- _TASK_: Please return the records below exactly as they stand.

(Records from a data source)
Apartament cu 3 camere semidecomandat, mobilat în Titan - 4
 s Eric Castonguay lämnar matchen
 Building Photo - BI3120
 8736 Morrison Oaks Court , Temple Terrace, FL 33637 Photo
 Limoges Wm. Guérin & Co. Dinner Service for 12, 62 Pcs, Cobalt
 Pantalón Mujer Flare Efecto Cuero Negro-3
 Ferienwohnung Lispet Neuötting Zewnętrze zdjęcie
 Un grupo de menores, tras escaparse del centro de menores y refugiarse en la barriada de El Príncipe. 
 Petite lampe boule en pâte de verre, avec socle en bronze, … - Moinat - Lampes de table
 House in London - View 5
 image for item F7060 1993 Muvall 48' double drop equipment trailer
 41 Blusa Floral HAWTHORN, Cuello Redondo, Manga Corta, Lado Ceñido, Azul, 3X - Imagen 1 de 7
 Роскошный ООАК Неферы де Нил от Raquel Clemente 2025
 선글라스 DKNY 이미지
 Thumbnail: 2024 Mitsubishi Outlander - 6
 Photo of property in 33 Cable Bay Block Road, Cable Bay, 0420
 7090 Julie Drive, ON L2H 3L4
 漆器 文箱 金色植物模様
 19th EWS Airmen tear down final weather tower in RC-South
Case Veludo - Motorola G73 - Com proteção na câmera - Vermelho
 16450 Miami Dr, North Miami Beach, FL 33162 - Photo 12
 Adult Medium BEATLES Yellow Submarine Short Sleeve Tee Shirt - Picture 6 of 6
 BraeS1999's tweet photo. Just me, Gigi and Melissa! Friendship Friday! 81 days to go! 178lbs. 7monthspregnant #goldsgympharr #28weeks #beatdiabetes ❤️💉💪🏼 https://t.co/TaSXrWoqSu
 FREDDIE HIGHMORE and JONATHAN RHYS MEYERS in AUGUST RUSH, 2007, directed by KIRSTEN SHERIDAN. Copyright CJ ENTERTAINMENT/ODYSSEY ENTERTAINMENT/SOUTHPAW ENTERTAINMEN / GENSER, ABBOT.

- _RESPONSE TO THIS TASK_:
Apartament cu 3 camere semidecomandat, mobilat în Titan - 4
 s Eric Castonguay lämnar matchen
 Building Photo - BI3120
 8736 Morrison Oaks Court , Temple Terrace, FL 33637 Photo
 Limoges Wm. Guérin & Co. Dinner Service for 12, 62 Pcs, Cobalt
 Pantalón Mujer Flare Efecto Cuero Negro-3
 Ferienwohnung Lispet Neuötting Zewnętrze zdjęcie
 Un grupo de menores, tras escaparse del centro de menores y refugiarse en la barriada de El Príncipe. 
 Petite lampe boule en pâte de verre, avec socle en bronze, … - Moinat - Lampes de table
 House in London - View 5
 image for item F7060 1993 Muvall 48' double drop equipment trailer
 41 Blusa Floral HAWTHORN, Cuello Redondo, Manga Corta, Lado Ceñido, Azul, 3X - Imagen 1 de 7
 Роскошный ООАК Неферы де Нил от Raquel Clemente 2025
 선글라스 DKNY 이미지
 Thumbnail: 2024 Mitsubishi Outlander - 6
 Photo of property in 33 Cable Bay Block Road, Cable Bay, 0420
 7090 Julie Drive, ON L2H 3L4
 漆器 文箱 金色植物模様
 19th EWS Airmen tear down final weather tower in RC-South
Case Veludo - Motorola G73 - Com proteção na câmera - Vermelho
 16450 Miami Dr, North Miami Beach, FL 33162 - Photo 12
 Adult Medium BEATLES Yellow Submarine Short Sleeve Tee Shirt - Picture 6 of 6
 BraeS1999's tweet photo. Just me, Gigi and Melissa! Friendship Friday! 81 days to go! 178lbs. 7monthspregnant #goldsgympharr #28weeks #beatdiabetes ❤️💉💪🏼 https://t.co/TaSXrWoqSu
 FREDDIE HIGHMORE and JONATHAN RHYS MEYERS in AUGUST RUSH, 2007, directed by KIRSTEN SHERIDAN. Copyright CJ ENTERTAINMENT/ODYSSEY ENTERTAINMENT/SOUTHPAW ENTERTAINMEN / GENSER, ABBOT.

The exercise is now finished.